Review of ‘The Lost Houses of Derbyshire’, by Maxwell Craven and Michael Stanley

This review is by Julie Bunting, and was published originally in The Peak Advertiser, the Peak District's local free newspaper, on 10th February 2003, and is reproduced with Julie's kind permission.

THE LOST HOUSES OF DERBYSHIRE
by Maxwell Craven and Michael Stanley
ISBN 1-84306-064-7 (2003)

This latest title in the attractive Landmark Collector's Series comes from Maxwell Craven and Michael Stanley. One of their earlier titles is the two-volume The Derbyshire Country House, but The Lost Houses of Derbyshire makes far sadder reading. Here we can see what has been lost: over 150 houses reduced or demolished, often without trace, between the 18th and 20th centuries. One period is described as 'a shameful fifty years' which reached its peak of destruction in 1938.

Although we have to hope that lessons have been learned, indignation about the losses does have to be tempered with reason. The cold, hard causes were insurmountable at the time, whether mining subsidence, impoverishment, deaths in wartime, or industrial encroachment.
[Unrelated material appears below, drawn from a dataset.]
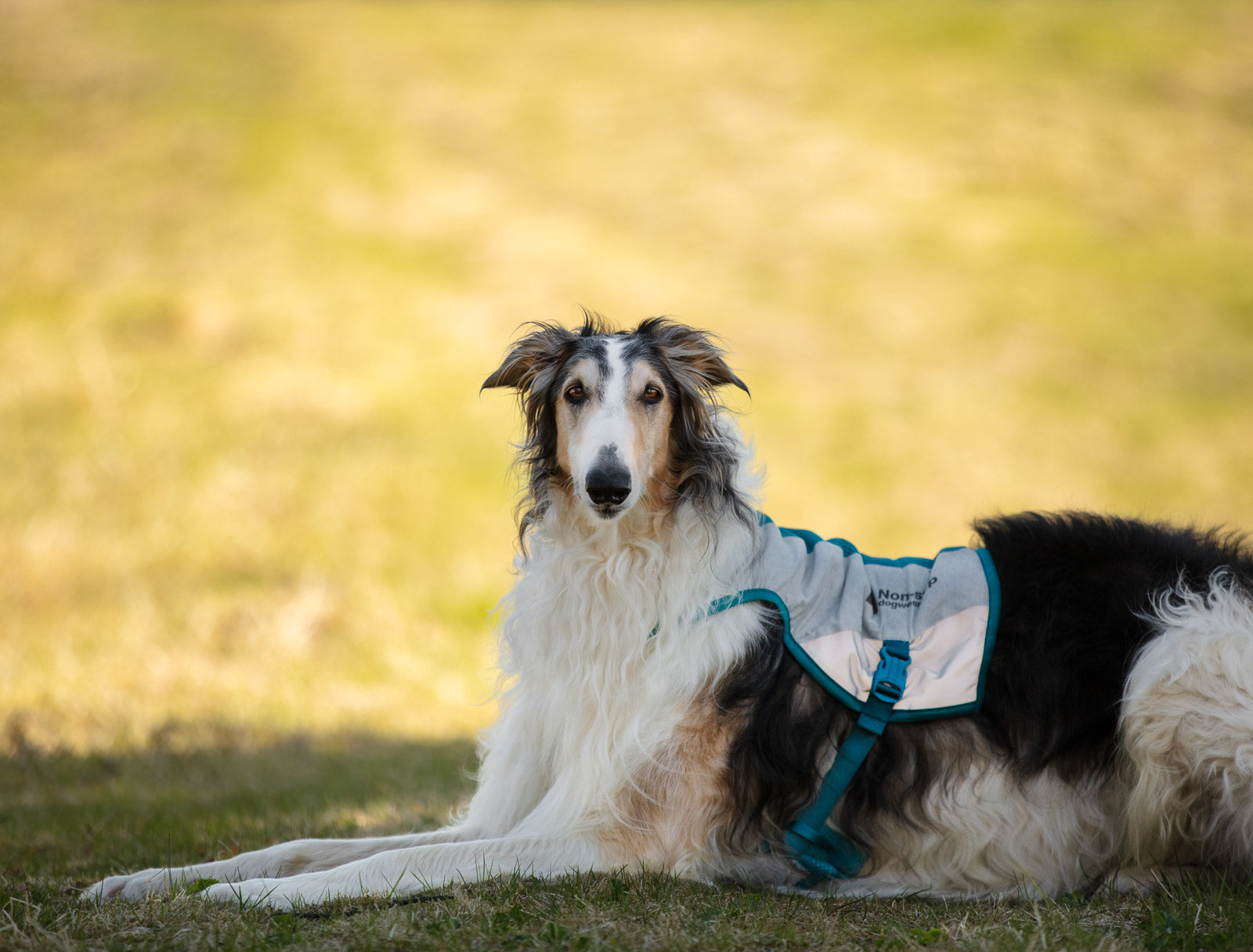 non-stop-dogwear-cooling-vest-k-hlweste-mit-3chill-tec image 4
More unusually, a hall at Eyam was abandoned during the plague, a castle at Middleton fell into ruin when its owner took the wrong side in the Civil War, another hall drowned beneath the Ladybower reservoir and yet another was demolished because occupation threatened to pollute a new reservoir in the Goyt Valley, or so the authorities claimed.

Craven and Stanley have tracked down a wonderful collection of several hundred photographs and drawings for this hardback book, reproducing as many as three per page. They show impressive properties which were, of course, outward symbols of success, employing in their construction master craftsmen and others of fairly humble background. As the authors point out: 'It was not so much the sweat of men's brows that created the English country house, but the love and pride in their craft of these numberless and unsung heroes.' At least fixtures and fittings often found new homes.

Some historic properties, having been pulled down, burnt to the ground or left to fall into ruin, were replaced by impressive buildings of a different style. Local examples include Hassop Hall, Middleton Hall, Rowtor Hall, Thornbridge Hall and The Grove at Darley Dale, now the site of St Elphin's School. Craven and Stanley's authoritative text provides architectural detail and potted family histories about the people who loved and lived in some of the most important houses - that is, homes - in the county.